WILLIAM B. SHUBB, District Judge.
Before the court is defendant Pablo Castro Marron's Amended Motion to Reduce Sentence Pursuant to 18 U.S.C. § 3582(c)(2). (Docket No. 352.)
On June 11, 2012, defendant pled guilty pursuant to a plea agreement to one count of conspiracy to manufacture methamphetamine in violation of 21 U.S.C. §§ 846 and 841(a)(1). (Sentencing Tr. (Docket No. 351); Plea Agreement (Docket No. 336.)) In the plea agreement, the parties agreed to a 120-month sentence and agreed that defendant's offense carried a 10-year mandatory minimum sentence.

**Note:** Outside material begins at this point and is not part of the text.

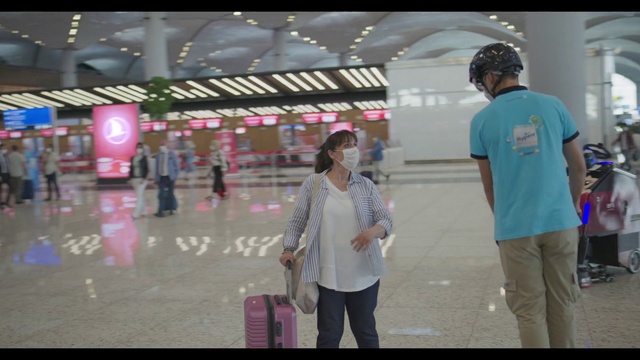 Video Reference N12: Standing, Travel, Leisure, Fun, City, Magenta, Event, Luggage and bags, Recreation, Hat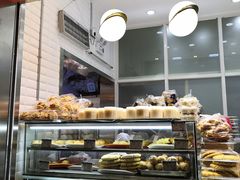 面包甜点陈列柜-白玉兰食品(甜云店)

Under the then-existing Sentencing Guidelines, the Presentence Report determined that the base offense level was 32 for an offense involving at least 50 grams but less than 150 grams of actual methamphetamine. Subtracting three levels for acceptance of responsibility and timely notification of his intent to plead guilty, defendant's total offense level was 29. Defendant also had three criminal history points due to a disorderly conduct conviction and his commission of the instant offense while on probation, resulting in a criminal history category of II. The PSR suggested that this category overstated defendant's criminal history but recommended no downward departure because the low end of the Guidelines range was the mandatory minimum sentence. Based on the total offense level, the criminal history category, and the statutory minimum sentence, defendant's Guidelines range sentence was 120 to 121 months, though the parties later agreed that absent the mandatory minimum sentence, the Guidelines range would have been 97 to 121 months. (PSR 9-12, 15; Sentencing Tr. 4-5.)

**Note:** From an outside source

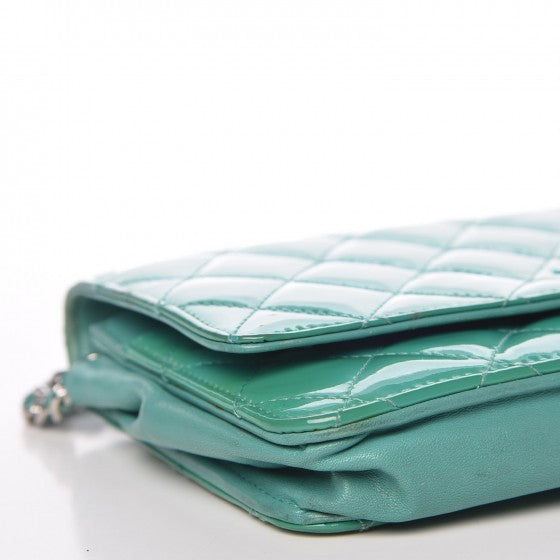 Patent Quilted Wallet On Chain WOC Green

Judge Edward J. Garcia held a sentencing hearing on October 26, 2012. At the hearing, Judge Garcia expressed his concern that if defendant had received a criminal history category of I and had been debriefed, he would have been eligible for a "safety valve" exception to the mandatory minimum sentence.
Judge Garcia then explained that he was willing to put over sentencing should defendant wish to be debriefed. In response, the government explained that it would not agree to a lower sentence and would potentially withdraw from the plea agreement if defendant was allowed to be debriefed. The defendant ultimately decided that it would be better to move forward with the plea agreement than go to trial or plead guilty without the plea agreement. Judge Garcia then accepted the plea agreement and imposed a 120-month sentence. (Sentencing Tr. 10-13.)
Defendant now moves to reduce his sentence based on Amendment 782 to the United States Sentencing Guidelines ("U.S.S.G."). The crux of his argument is that his Guidelines range was lowered by Amendment 782 to 78-97 months, and that the mandatory minimum sentence of ten years does not apply because Judge Garcia "effectively determined" that he was eligible for the safety valve exception to the mandatory minimum sentence.
Amendment 782 retroactively modifies the Drug Quantity Table in § 2D1.1 and reduces by two points the base offense level for most federal drug offenses.
As an initial matter, the court rejects defendant's contention that Judge Garcia "effectively determined" that defendant was eligible for safety valve relief from the mandatory minimum sentence. Rather, Judge Garcia merely explained that if he determined that a Criminal History Category of I applied and "if [defendant] had complied with the debriefing requirement," defendant "would become eligible for a safety valve consideration." (Sentencing Tr. 7.) However, defendant did not debrief before sentencing, and he declined Judge Garcia's invitation to put over sentencing to allow him to do so, despite Judge Garcia's comments regarding the benefit of debriefing. Instead, he choose to move forward with sentencing pursuant to the plea agreement, based on the determination that it would be better to proceed under the plea agreement than risk the government's withdrawal from the agreement. (Sentencing Tr. 11-12.) Thus, defendant was and is not eligible for safety valve relief from the mandatory minimum sentence.
Whether defendant's 120 month sentence was based on the Guidelines range, the mandatory minimum, or the parties' plea agreement, it is undisputed that defendant's purported amended Guidelines range of 78-97 months is below the ten-year statutory mandatory minimum. "It is axiomatic that a statutory minimum sentence is mandatory" and, as discussed above, "[a] retroactive amendment to the Guidelines cannot reduce a sentence below the statutory minimum term."
IT IS THEREFORE ORDERED that defendant's motion to reduce his sentence pursuant to 18 U.S.C. § 3582(c)(2) (Docket No. 352), be, and the same hereby is, DENIED.